**Aim of the task**
Print the line containing "556 Se 15th Avenue - Photo Thumbnail 31" and all lines after it, unchanged, through the end of the data. Leave the pictures out.

**Data segment**
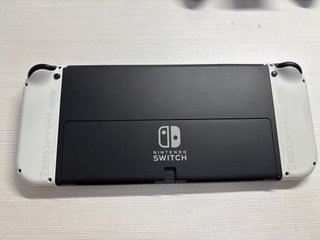 Nintendo Switch OLED Bianca
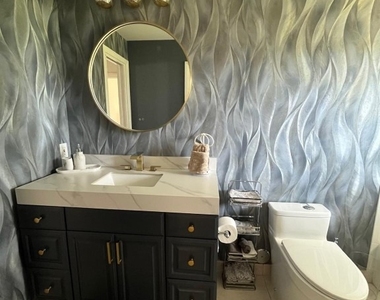556 Se 15th Avenue - Photo Thumbnail 31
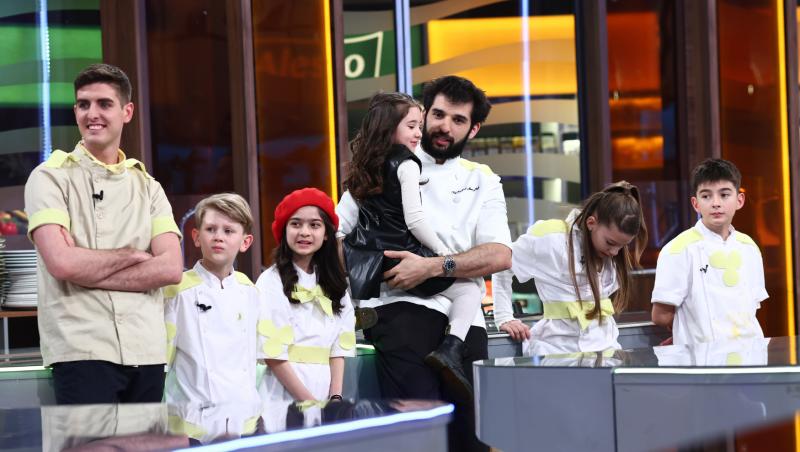 Semifinala Chefi la cuțite - Viitorul are gust. Copiii chefilor au venit să-și ajute părinții la jurizat. Emma Sautner a lipsit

**Output for this task**
556 Se 15th Avenue - Photo Thumbnail 31
 Semifinala Chefi la cuțite - Viitorul are gust. Copiii chefilor au venit să-și ajute părinții la jurizat. Emma Sautner a lipsit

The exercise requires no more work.